**PROVIDED MATERIAL**
=== Section Start ===
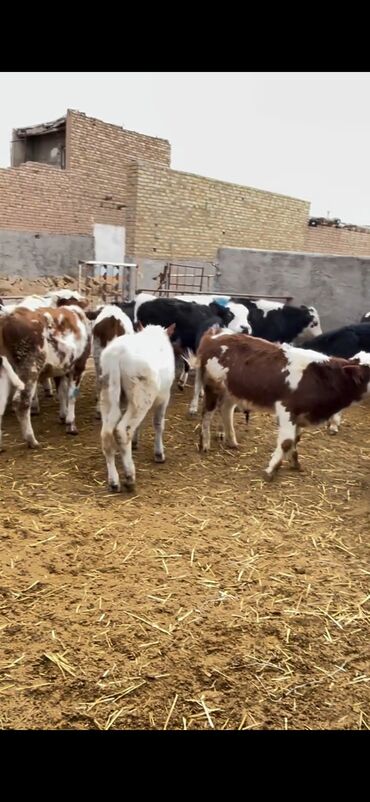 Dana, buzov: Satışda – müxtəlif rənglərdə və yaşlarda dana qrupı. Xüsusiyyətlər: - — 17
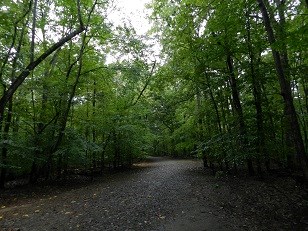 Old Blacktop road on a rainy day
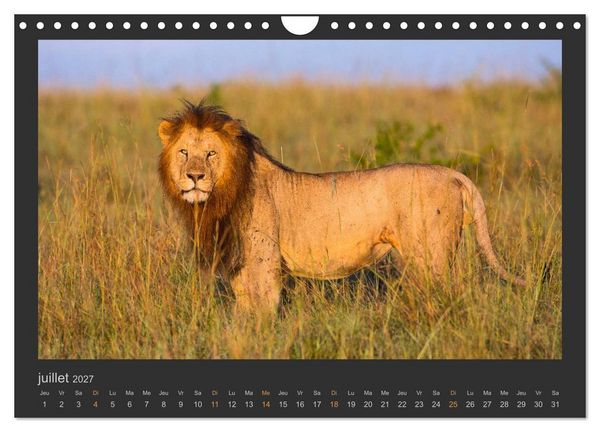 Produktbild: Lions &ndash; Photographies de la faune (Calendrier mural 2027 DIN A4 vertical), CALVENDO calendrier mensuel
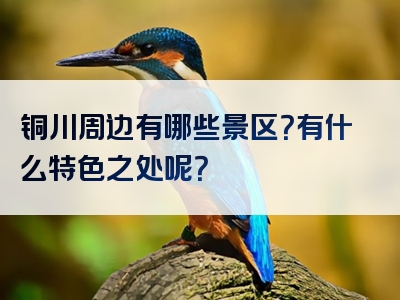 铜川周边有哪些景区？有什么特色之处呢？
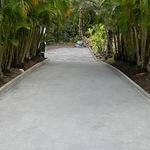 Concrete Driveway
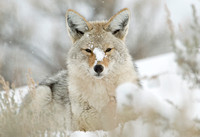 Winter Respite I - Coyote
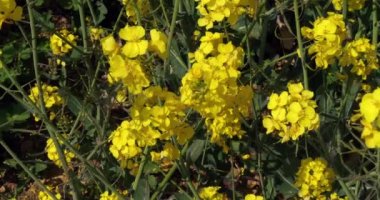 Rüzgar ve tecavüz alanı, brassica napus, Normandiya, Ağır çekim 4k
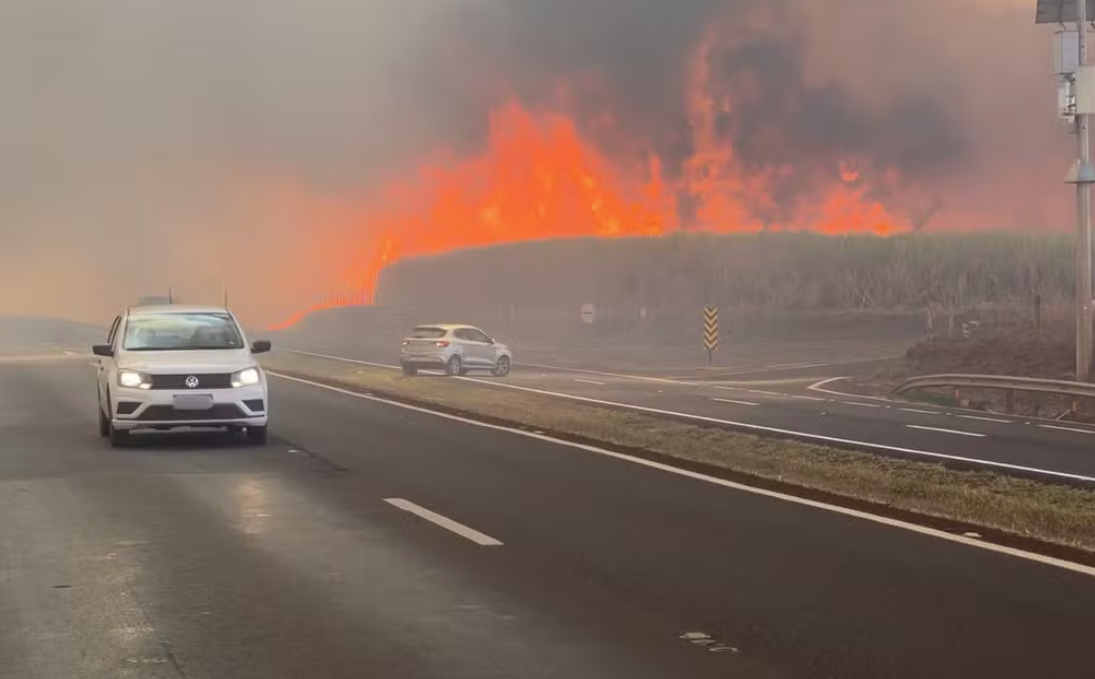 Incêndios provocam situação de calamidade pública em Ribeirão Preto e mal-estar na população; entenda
=== Section End ===
=== Section Start ===
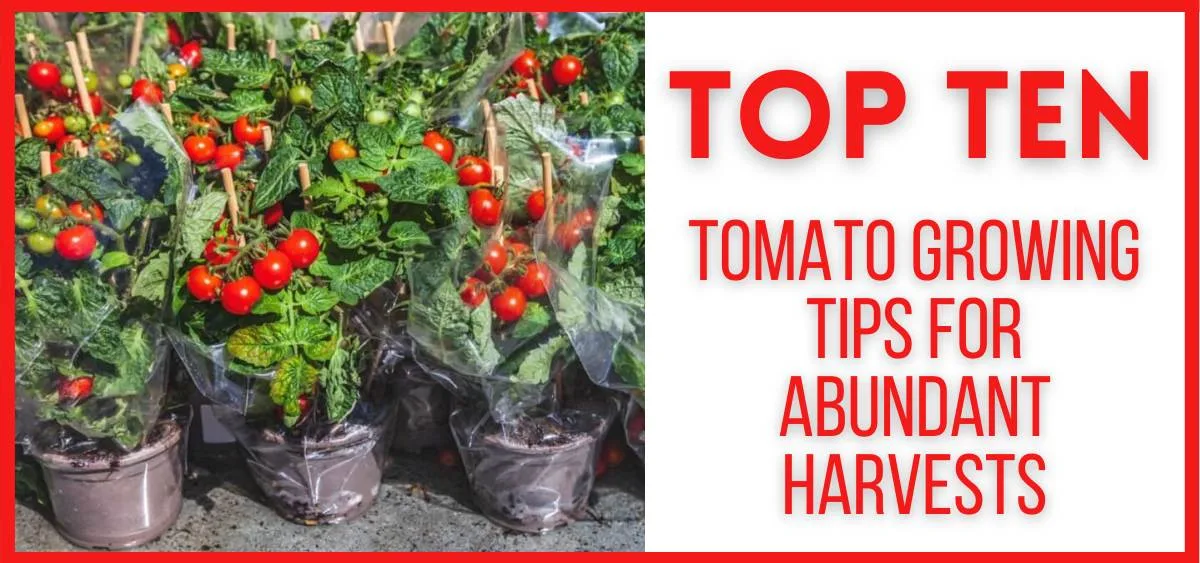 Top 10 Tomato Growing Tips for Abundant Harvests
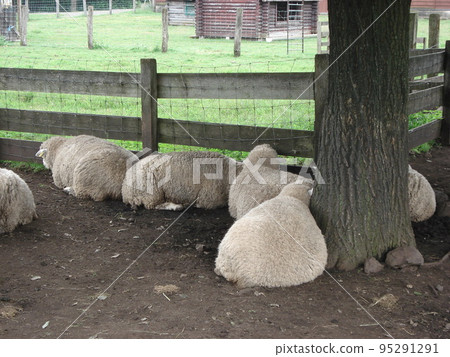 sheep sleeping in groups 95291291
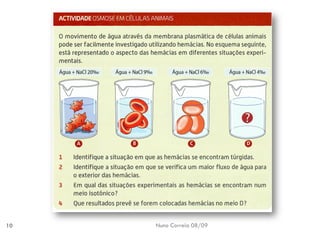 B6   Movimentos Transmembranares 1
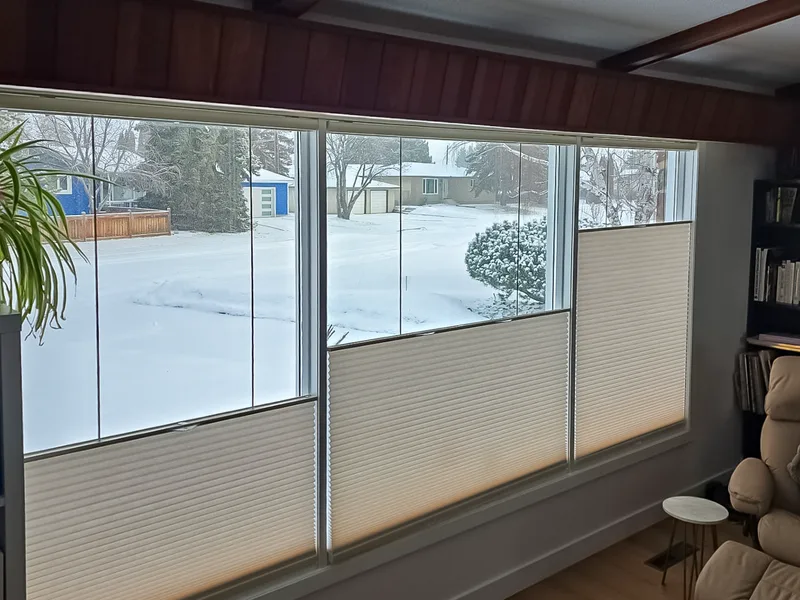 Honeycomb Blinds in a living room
=== Section End ===
=== Section Start ===
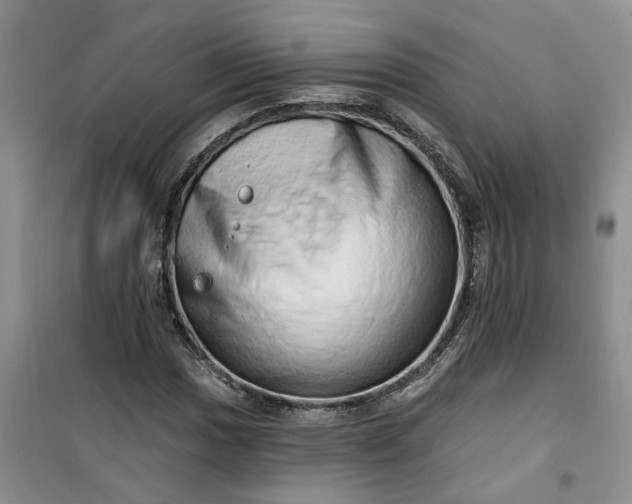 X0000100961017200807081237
=== Section End ===
**EXERCISE AIM**
Output only the stretch above from the line with "Dana, buzov: Satışda" through the line with "Winter Respite I - Coyote", reproduced exactly. Exclude pictures.

**RESPONSE AREA**
 Dana, buzov: Satışda – müxtəlif rənglərdə və yaşlarda dana qrupı. Xüsusiyyətlər: - — 17
 Old Blacktop road on a rainy day
 Produktbild: Lions &ndash; Photographies de la faune (Calendrier mural 2027 DIN A4 vertical), CALVENDO calendrier mensuel
 铜川周边有哪些景区？有什么特色之处呢？
 Concrete Driveway
 Winter Respite I - Coyote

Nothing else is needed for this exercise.